After years of waiting, AMD is set to launch its first post-GCN architecture graphics cards next month. This is supposed to be a fundamental reset of AMD's graphics processors, tweaking and tuning every element of the design to improve performance and efficiency—or at least, that's the official word.
There are many changes with Navi, the first new GPU architecture for AMD graphics cards since its RX Vega line in 2017, but after the official reveal of specs and pricing at E3 2019, I have to wonder if this is truly new or simply the next iteration on the existing product line. After many years of playing second string to Nvidia's leading parts, I wanted a clear win from AMD. Navi, sadly, doesn't look to be it. AMD claims IPC performance improvements of 25 percent per CU, and says that overall performance per watt will be 50 percent better than its previous generation Vega and Polaris architectures.

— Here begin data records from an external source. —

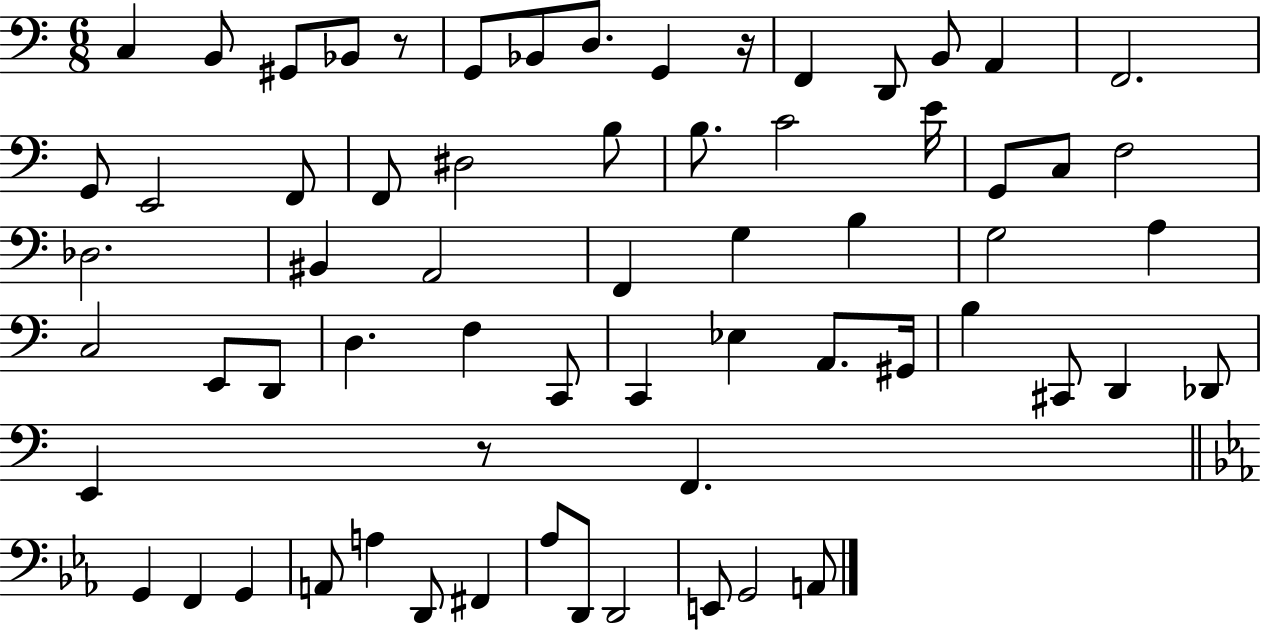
X:1
T:Untitled
M:6/8
L:1/4
K:C
C, B,,/2 ^G,,/2 _B,,/2 z/2 G,,/2 _B,,/2 D,/2 G,, z/4 F,, D,,/2 B,,/2 A,, F,,2 G,,/2 E,,2 F,,/2 F,,/2 ^D,2 B,/2 B,/2 C2 E/4 G,,/2 C,/2 F,2 _D,2 ^B,, A,,2 F,, G, B, G,2 A, C,2 E,,/2 D,,/2 D, F, C,,/2 C,, _E, A,,/2 ^G,,/4 B, ^C,,/2 D,, _D,,/2 E,, z/2 F,, G,, F,, G,, A,,/2 A, D,,/2 ^F,, _A,/2 D,,/2 D,,2 E,,/2 G,,2 A,,/2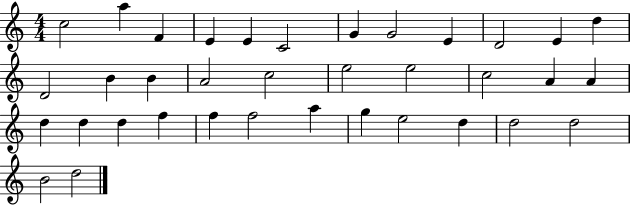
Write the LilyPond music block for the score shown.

{
  \clef treble
  \numericTimeSignature
  \time 4/4
  \key c \major
  c''2 a''4 f'4 | e'4 e'4 c'2 | g'4 g'2 e'4 | d'2 e'4 d''4 | \break d'2 b'4 b'4 | a'2 c''2 | e''2 e''2 | c''2 a'4 a'4 | \break d''4 d''4 d''4 f''4 | f''4 f''2 a''4 | g''4 e''2 d''4 | d''2 d''2 | \break b'2 d''2 | \bar "|."
}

That sounds great, but when you dig into the details, it looks like at best AMD might match the performance of Nvidia's RTX 2060 and 2070 GPUs, except AMD will use more power, potentially cost a bit more, and Navi doesn't include any ray tracing or deep learning features. Considering AMD is using TSMC's latest 7nm manufacturing process, it's a bit of a letdown—a lot like the Fiji, Polaris, and Vega GPUs of the past several years.
Perhaps the RX 5700 XT will perform better than I'm expecting, and certainly a price drop would go a long way to make the new cards more attractive. There's a popular saying with computer hardware: There are no bad products, only bad prices. The initial cards could end up being more of an early adopter Founders Edition launch, with a price drop after the first wave. But whatever happens, there's a ton of information to discuss, so let's get to it.
AMD Navi specs, release date, and pricing
Officially, AMD will launch three RX 5700 series cards on July 7, 2019. There will be a limited RX 5700 XT 50th anniversary edition with slightly higher clocks and gold trim, but the two main models are the Radeon RX 5700 XT and the Radeon RX 5700. Here's the short overview of the specs and pricing of the three models, with comparisons to Vega 64 and RX 590/580:
The RX 5700 XT comes with 40 CUs, each with 64 stream processors, for a grand total of 2,560 graphics cores. It will include 8GB of GDDR6 memory clocked at 14GT/s, good for 448GB/s of bandwidth. Each core can execute an FMA (fused multiple add) every clock cycle, which means two ops per core, and with a boost clock of 1905MHz that works out to a peak computational rating of 9754 GFLOPS (billions of operations per second). The base clock is 1605MHz, while the new Game Clock is 1755MHz (more on that in a moment). The RX 5700 XT also has 160 texture units and 64 ROPS. AMD rates the 5700 XT at a total board power (TBP) of 225W. It will have a launch price of $449 for the reference model, with custom designs from AMD's graphics cards partners coming after the initial launch.
The RX 5700 XT anniversary edition is identical to the 5700 XT in most specs, but it comes with a shroud signed by AMD CEO Lisa Su, gold accents to replace the typical AMD red, and slightly higher clockspeeds. With a 1980MHz boost clock, that gives a peak performance of 10138 GFLOPS. TBP is slightly higher at 235W, and the price for the limited edition 50th anniversary card is $499.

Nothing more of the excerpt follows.